[Goal of the exercise]
Among the records that follow, find the line with "Disney Channel Hannah" and the line with "Project Officer- Humanitarian". Set down those lines and all lines between them exactly, without adding anything.

[Exercise input]
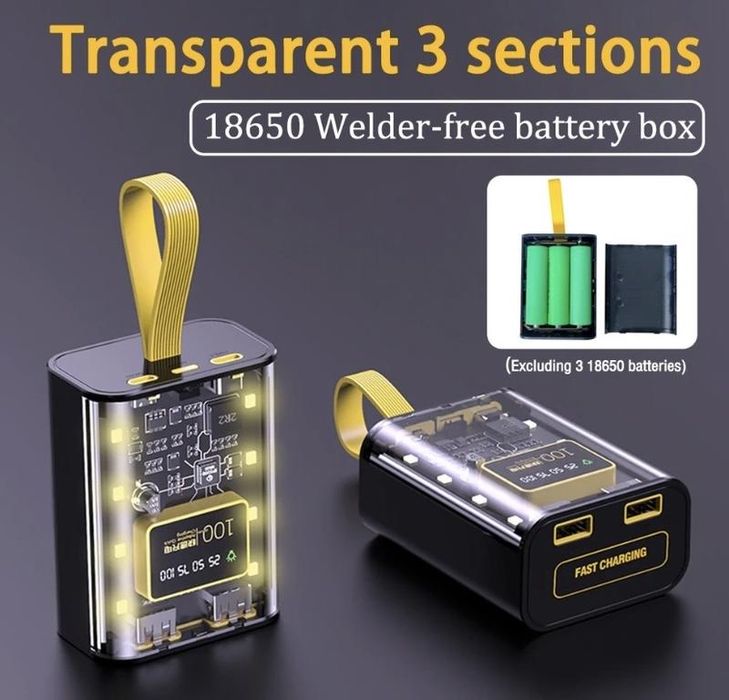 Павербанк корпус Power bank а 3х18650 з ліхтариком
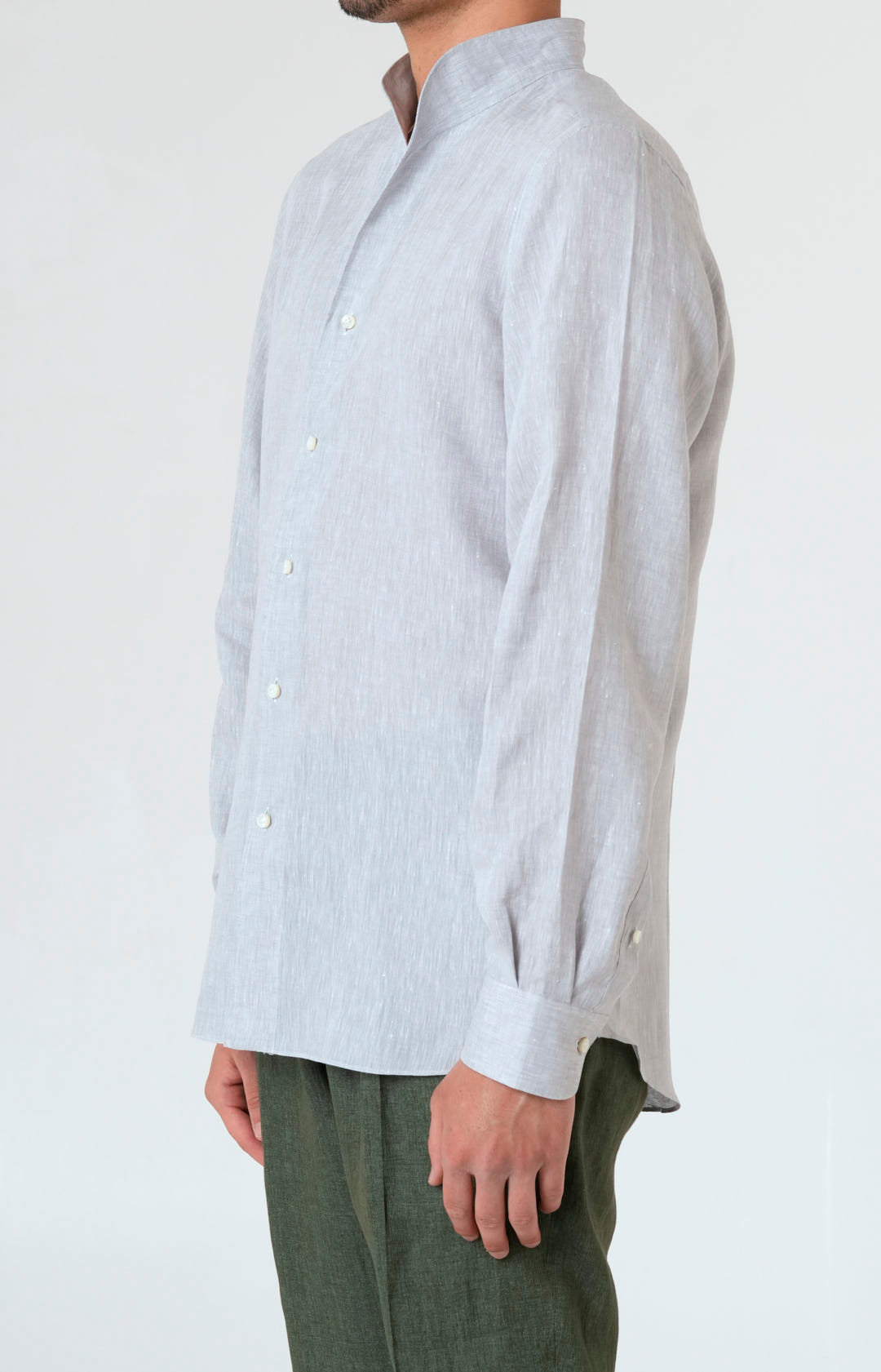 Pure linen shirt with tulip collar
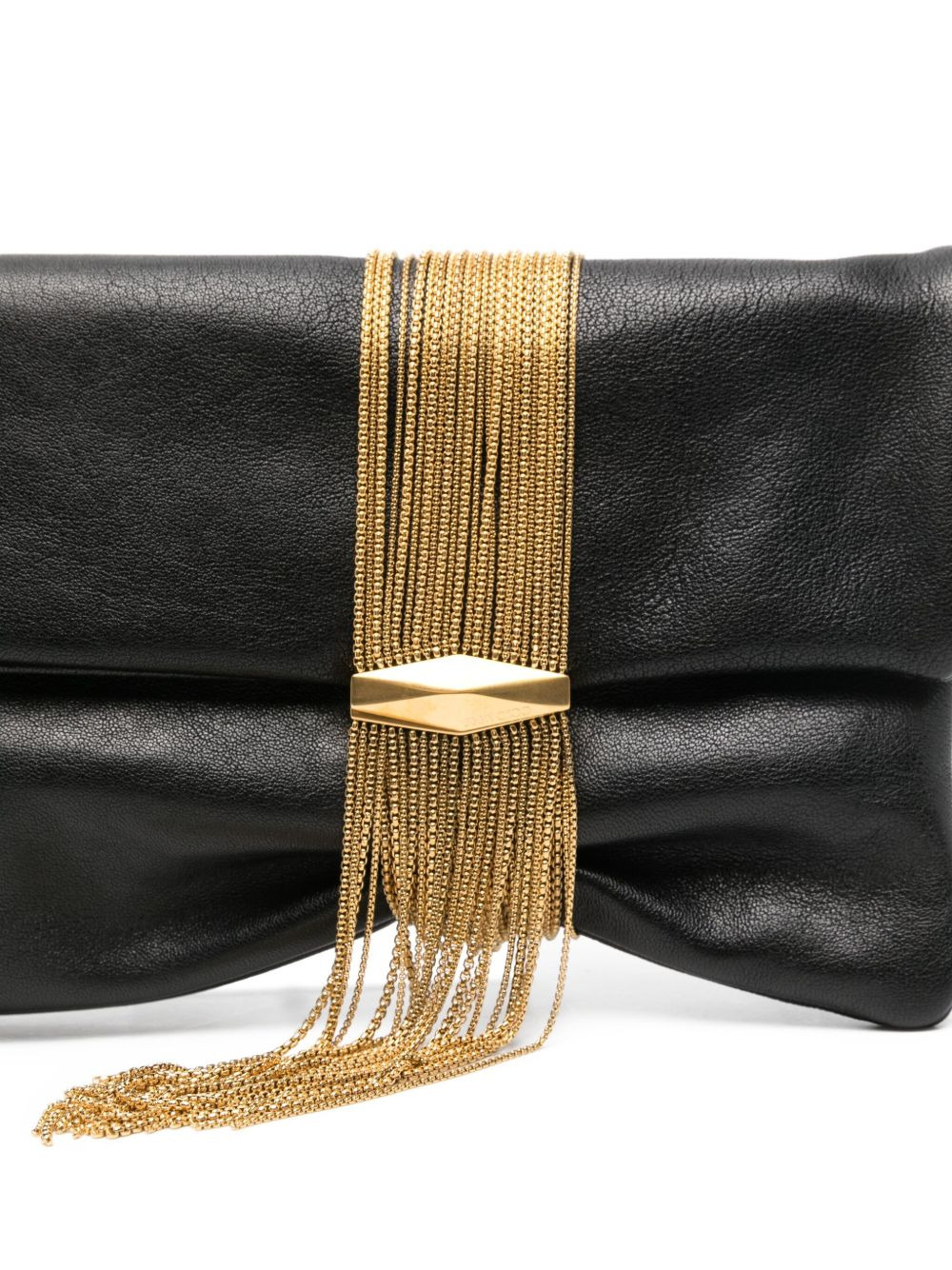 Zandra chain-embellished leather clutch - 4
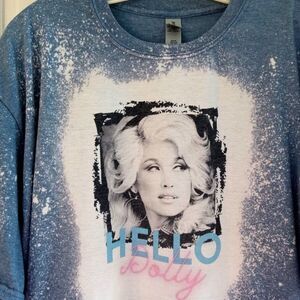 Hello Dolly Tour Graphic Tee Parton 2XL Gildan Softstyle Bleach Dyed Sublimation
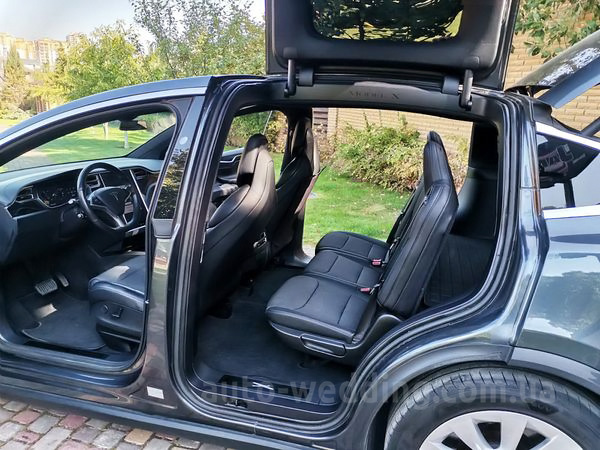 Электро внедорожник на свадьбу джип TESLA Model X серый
* * *
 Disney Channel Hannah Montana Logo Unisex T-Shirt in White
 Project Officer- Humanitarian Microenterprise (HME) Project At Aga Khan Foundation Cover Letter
...
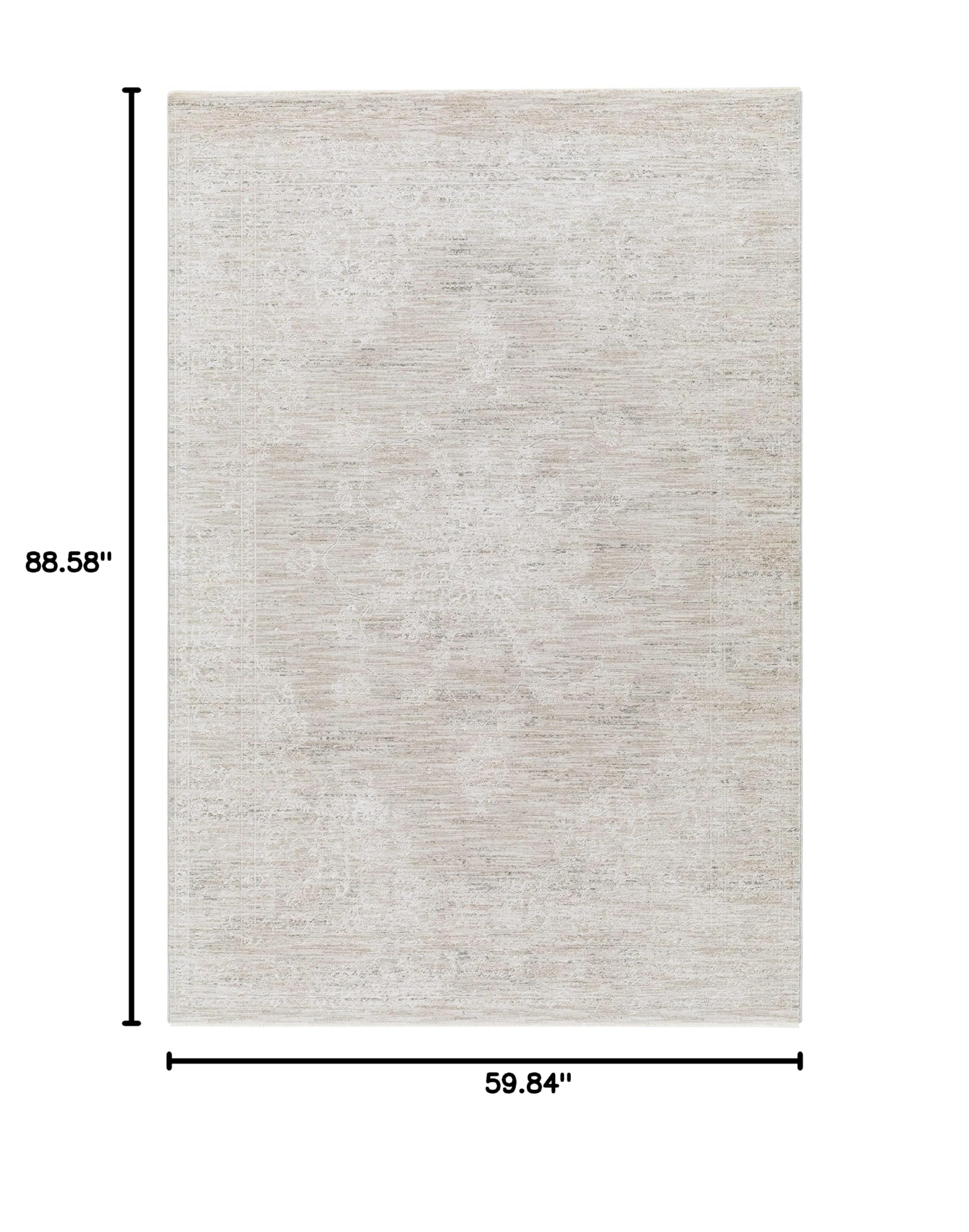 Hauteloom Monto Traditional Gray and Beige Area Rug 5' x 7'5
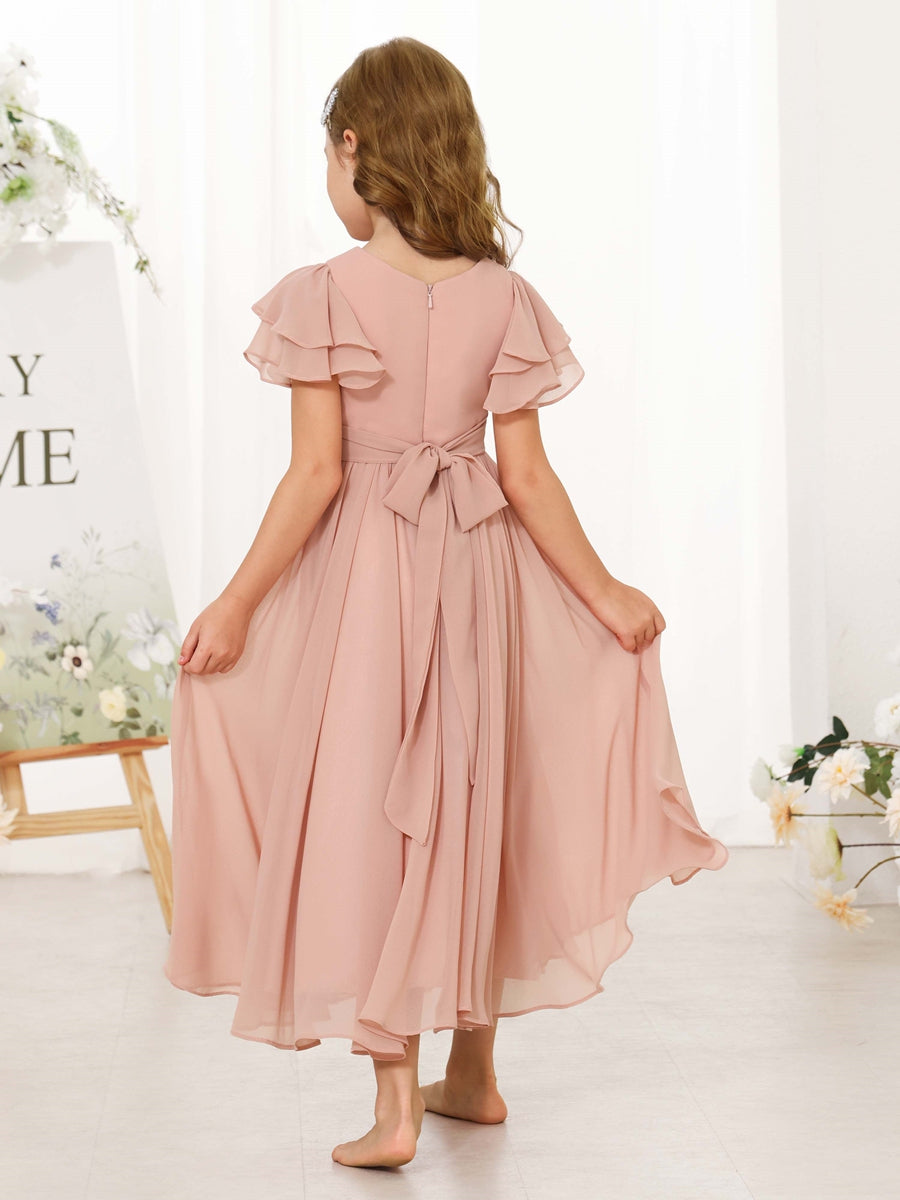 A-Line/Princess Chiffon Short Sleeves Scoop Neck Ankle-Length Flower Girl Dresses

[Output of the exercise]
 Disney Channel Hannah Montana Logo Unisex T-Shirt in White
 Project Officer- Humanitarian Microenterprise (HME) Project At Aga Khan Foundation Cover Letter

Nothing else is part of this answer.